Au niveau des acteurs apparents de notre tragédie au pays, certaines questions peuvent être posées. Comment peut-on aujourd’hui, par exemple, vouloir rompre à moindre frais avec le CNDP (et le M23) après la signature des accords secrets ayant permis à ces forces mortifères de participer de fraudes et de tricheries aux élections de 2006 et celles de 2011 ? Il y a là une complicité dont les dégâts collatéraux doivent être supportés par la coalition.

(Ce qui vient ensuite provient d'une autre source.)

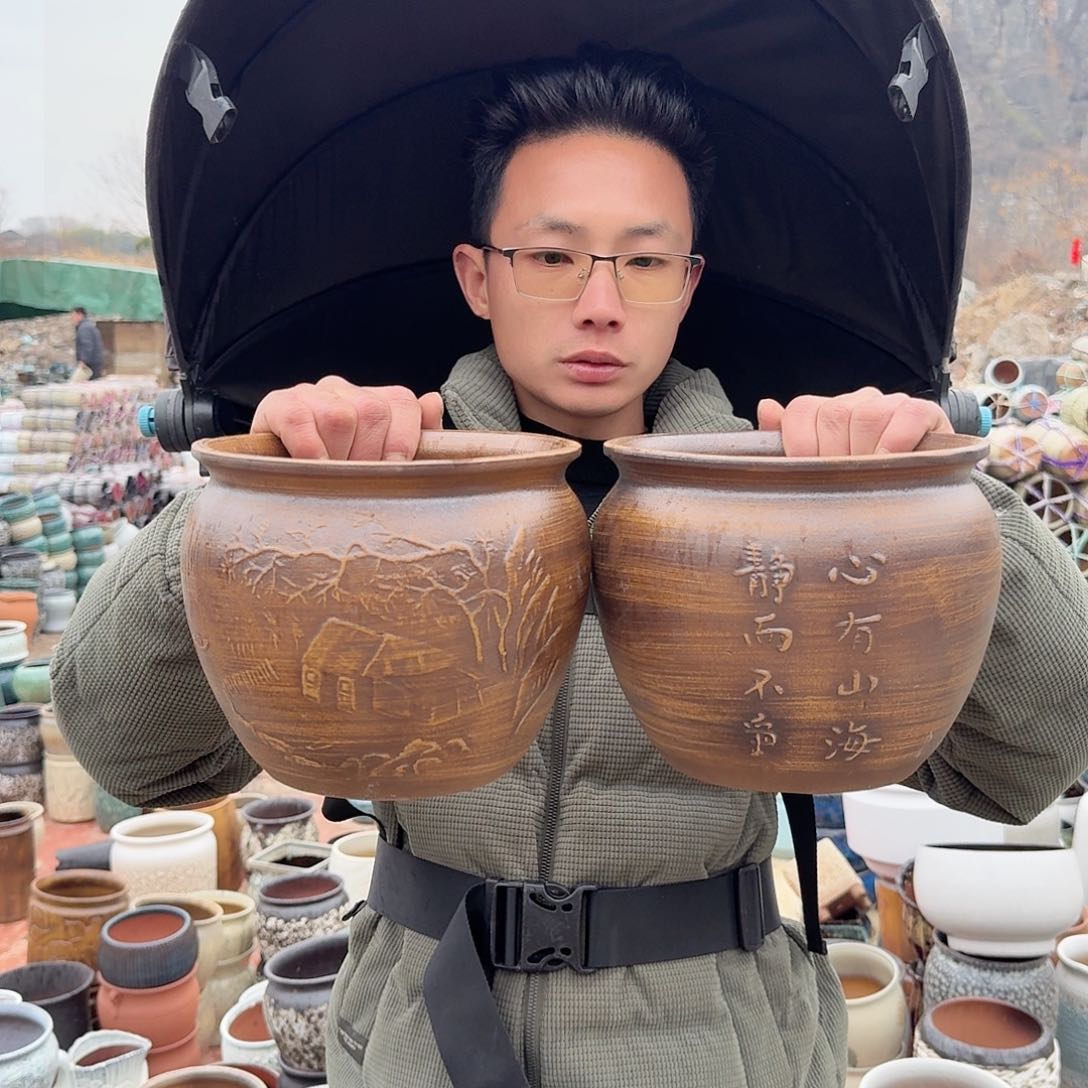 紫砂花盆口19高17（两个心有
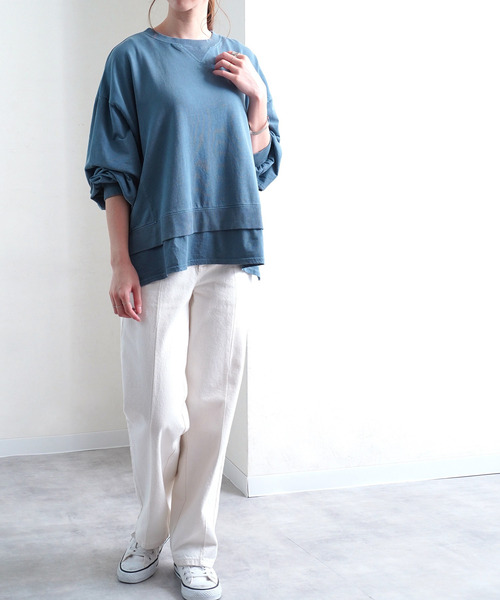 Fizz（フィズ）の「【Fizz/フィズ】　USED加工　裏毛レイヤード風デザイントップス（スウェット・レディース・ブラック/アイボリー/グレイッシュベージュ/ブルー・M）」の22枚目の写真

La vérité qui est en train de venir au grand jour contient en elle-même une exigence de justice pour que la liberté et la paix puissent s’épanouir dans la sous-région des Grands-Lacs.
En principe, l’AFDL, le RCD (et ses différentes branches), le CNDP, le M23 le PPRD et ses alliés devraient un jour répondre de leurs crimes avec leurs alliés du FPR/APR avant que la sous-région des Grands-Lacs ne devienne davantage un espace convivial. La fin de l’impunité alliée aux objectifs de vérité et de réconciliation fondés sur une éthique de responsabilité partagée est indispensable à cette partie de l’Afrique.